◆ **Dataset extract**
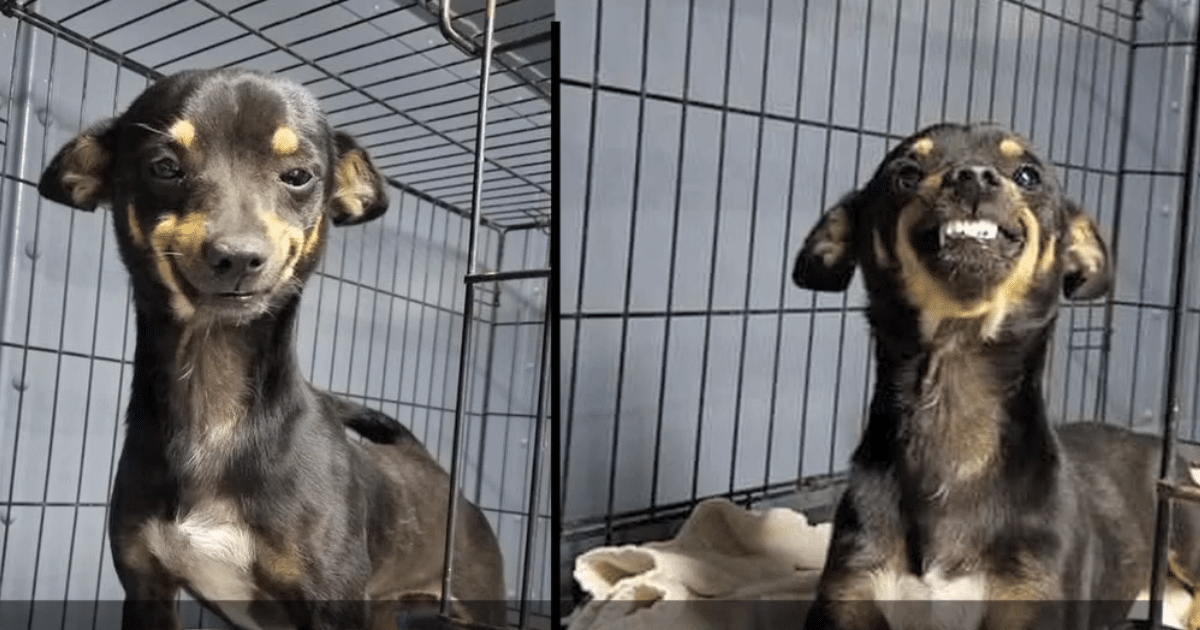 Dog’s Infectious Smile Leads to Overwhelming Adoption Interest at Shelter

--

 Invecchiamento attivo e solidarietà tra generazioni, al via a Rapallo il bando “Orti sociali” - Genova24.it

==

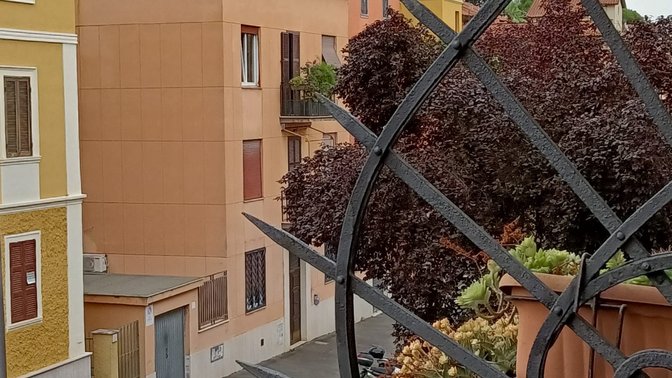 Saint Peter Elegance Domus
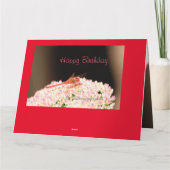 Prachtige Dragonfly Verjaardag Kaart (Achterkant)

◆ **Problem description**
Above are the records; please give again, exactly and in full, only the lines that run from the line with "Saint Peter Elegance Domus" through the line with "Prachtige Dragonfly Verjaardag", with no pictures.

◆ **Written response**
 Saint Peter Elegance Domus
 Prachtige Dragonfly Verjaardag Kaart (Achterkant)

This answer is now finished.